Stored data:
%%

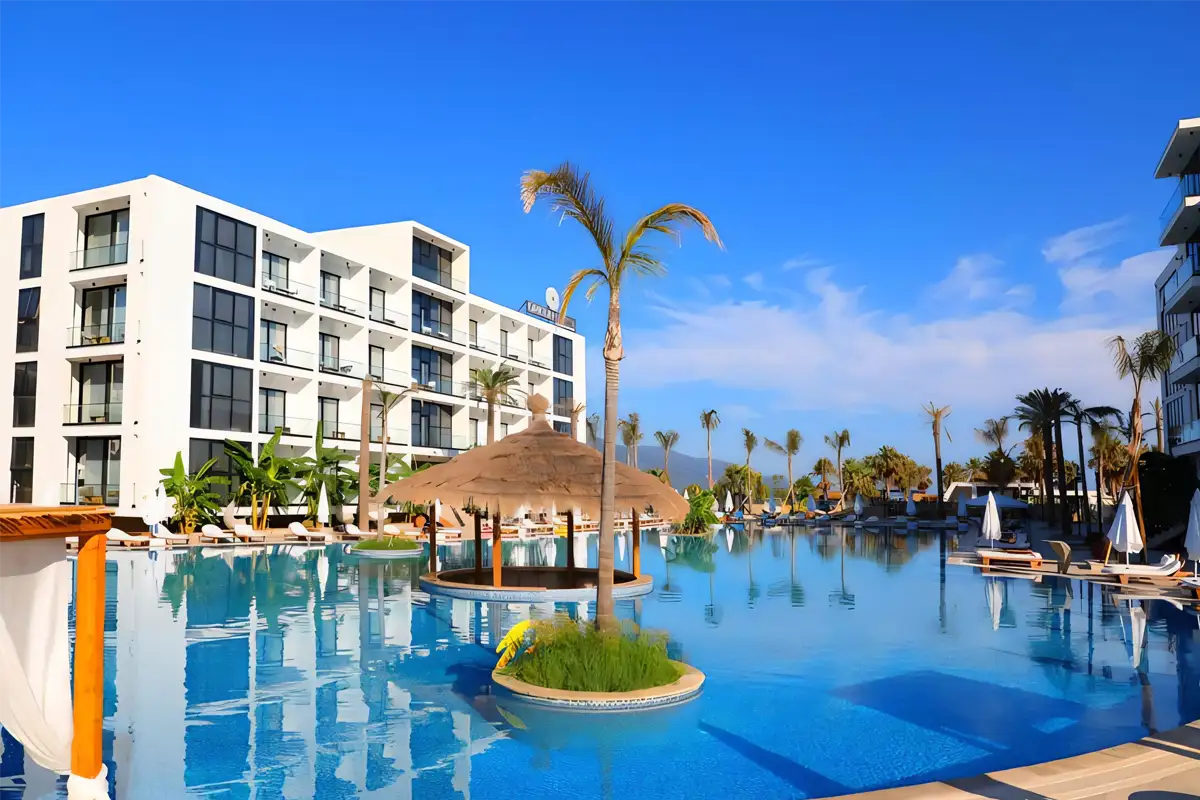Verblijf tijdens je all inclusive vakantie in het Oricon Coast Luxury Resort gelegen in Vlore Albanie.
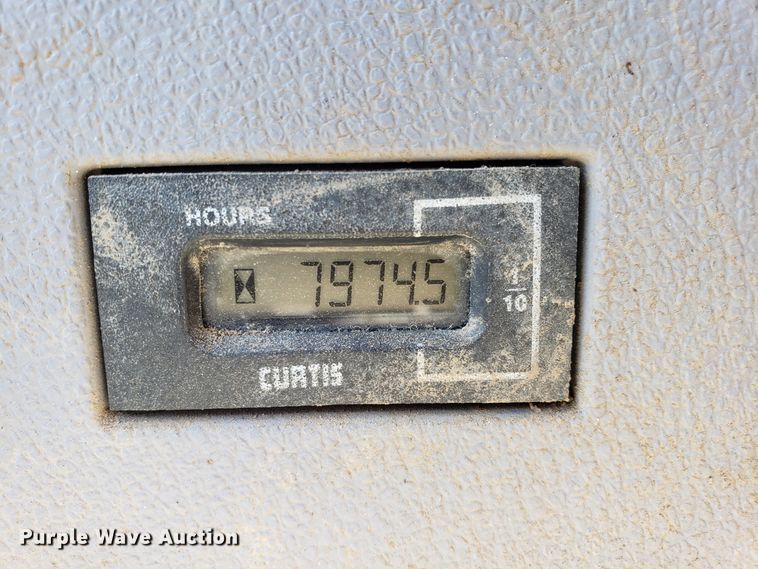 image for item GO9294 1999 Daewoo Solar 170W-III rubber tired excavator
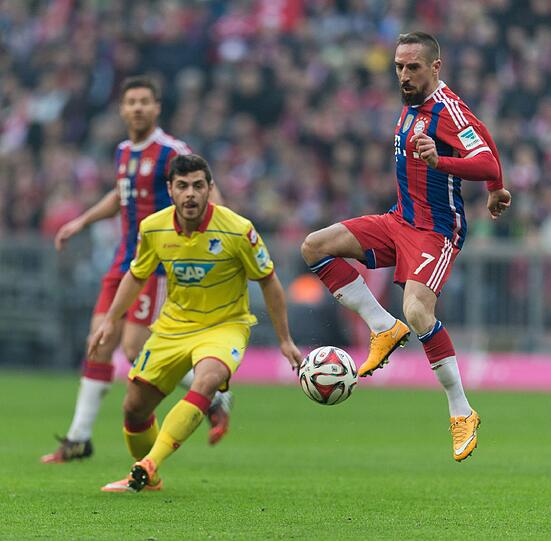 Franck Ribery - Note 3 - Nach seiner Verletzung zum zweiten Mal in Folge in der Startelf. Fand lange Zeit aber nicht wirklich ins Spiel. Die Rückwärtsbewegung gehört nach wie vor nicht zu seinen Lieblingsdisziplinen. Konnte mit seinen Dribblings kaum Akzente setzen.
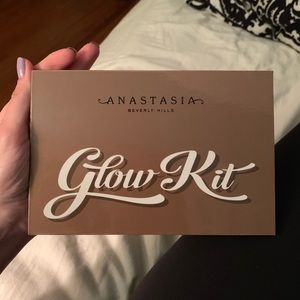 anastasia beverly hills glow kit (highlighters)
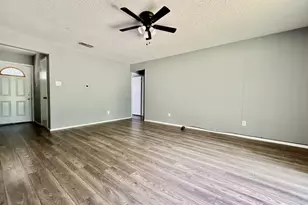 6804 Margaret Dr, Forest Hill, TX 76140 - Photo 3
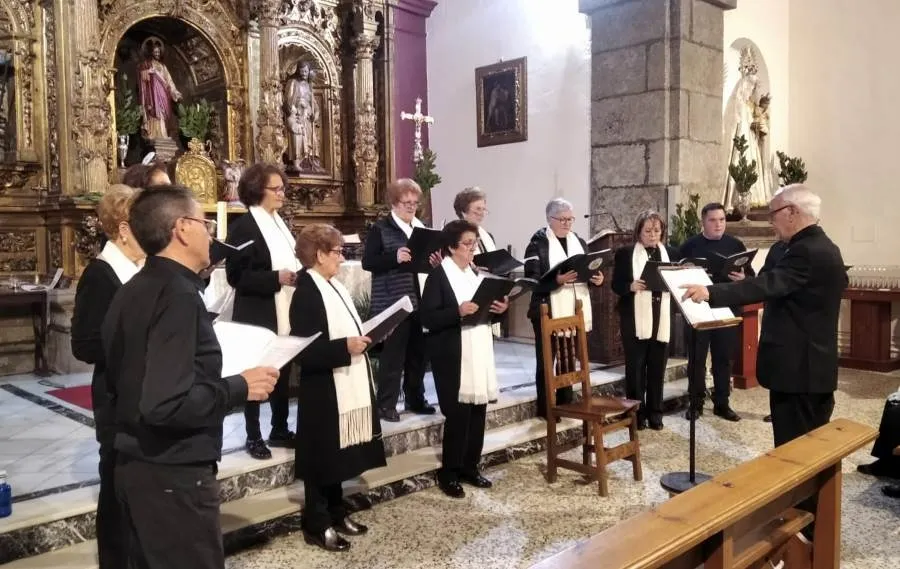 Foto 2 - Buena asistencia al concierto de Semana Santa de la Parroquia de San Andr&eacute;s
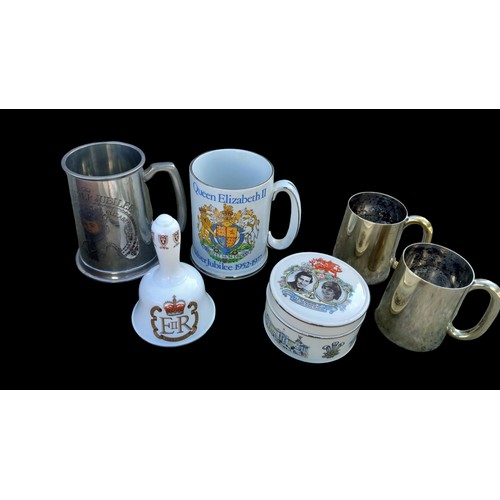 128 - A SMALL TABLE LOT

%%

▶ WHAT THE TASK REQUIRES
Return a verbatim transcription of the data, omitting all images.

▶ SOLVED PROBLEM
Verblijf tijdens je all inclusive vakantie in het Oricon Coast Luxury Resort gelegen in Vlore Albanie.
 image for item GO9294 1999 Daewoo Solar 170W-III rubber tired excavator
 Franck Ribery - Note 3 - Nach seiner Verletzung zum zweiten Mal in Folge in der Startelf. Fand lange Zeit aber nicht wirklich ins Spiel. Die Rückwärtsbewegung gehört nach wie vor nicht zu seinen Lieblingsdisziplinen. Konnte mit seinen Dribblings kaum Akzente setzen.
 anastasia beverly hills glow kit (highlighters)
 6804 Margaret Dr, Forest Hill, TX 76140 - Photo 3
 Foto 2 - Buena asistencia al concierto de Semana Santa de la Parroquia de San Andr&eacute;s
 128 - A SMALL TABLE LOT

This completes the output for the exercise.